Mathematics educator and educational psychologist

Elham Kazemi (born 1970) is a mathematics educator and educational psychologist, the Geda and Phil Condit Professor in Math and Science Education in the College of Education of the University of Washington.

==Education and career==
Kazemi is originally from Iran, and moved to the US at age 11.
She graduated from Duke University in 1992 with a bachelor's degree in psychology, and became an elementary school teacher in Phoenix, Arizona.
Returning to graduate study in educational psychology at the University of California, Los Angeles, she earned a master's degree in 1997 and completed her Ph.D. in 1999. Her dissertation, Teacher Learning within Communities of Practice: Using Students’ Mathematical Thinking to Guide Teacher Inquiry, was supervised by Megan Franke.

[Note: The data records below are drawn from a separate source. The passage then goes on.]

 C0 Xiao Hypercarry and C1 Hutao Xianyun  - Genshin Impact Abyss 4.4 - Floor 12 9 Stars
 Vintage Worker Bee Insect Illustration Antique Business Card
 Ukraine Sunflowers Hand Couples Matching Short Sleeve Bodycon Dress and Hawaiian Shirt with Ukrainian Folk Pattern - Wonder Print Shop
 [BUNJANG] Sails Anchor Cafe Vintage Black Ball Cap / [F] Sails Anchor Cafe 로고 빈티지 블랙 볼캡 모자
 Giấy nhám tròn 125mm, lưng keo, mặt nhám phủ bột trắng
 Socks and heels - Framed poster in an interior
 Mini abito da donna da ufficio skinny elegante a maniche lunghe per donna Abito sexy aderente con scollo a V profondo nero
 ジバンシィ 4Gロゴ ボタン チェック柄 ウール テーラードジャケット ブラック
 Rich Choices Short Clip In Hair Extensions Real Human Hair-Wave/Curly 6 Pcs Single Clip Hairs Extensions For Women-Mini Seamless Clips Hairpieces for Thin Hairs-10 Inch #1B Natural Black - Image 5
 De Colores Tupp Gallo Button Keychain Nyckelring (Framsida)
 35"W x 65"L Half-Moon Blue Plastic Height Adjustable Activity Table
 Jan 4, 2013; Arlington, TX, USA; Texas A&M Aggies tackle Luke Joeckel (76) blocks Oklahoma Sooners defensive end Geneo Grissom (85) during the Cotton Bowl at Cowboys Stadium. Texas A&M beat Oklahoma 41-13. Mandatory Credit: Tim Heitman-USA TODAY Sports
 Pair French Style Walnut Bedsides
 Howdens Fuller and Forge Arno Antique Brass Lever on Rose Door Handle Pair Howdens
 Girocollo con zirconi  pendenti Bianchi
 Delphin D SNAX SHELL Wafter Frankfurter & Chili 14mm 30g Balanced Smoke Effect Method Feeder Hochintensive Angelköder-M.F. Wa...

Kazemi joined the University of Washington faculty as an assistant professor in 1999. She was named the Geda and Phil Condit Professor in 2014.

==Contributions==
With Allison Hintz, Kazemi is the author of the book Intentional Talk: How to Structure and Lead Productive Mathematical Discussions (Stenhouse Publishers, 2014).

She has worked with the Renton School District to develop mathematics lesson in which students explain and critique their problem-solving methods with each other. Her paper with another mathematics education specialist and five Renton teachers and coaches describing her work there won the 2014 Distinguished Paper Award of the Washington Educational Research Association.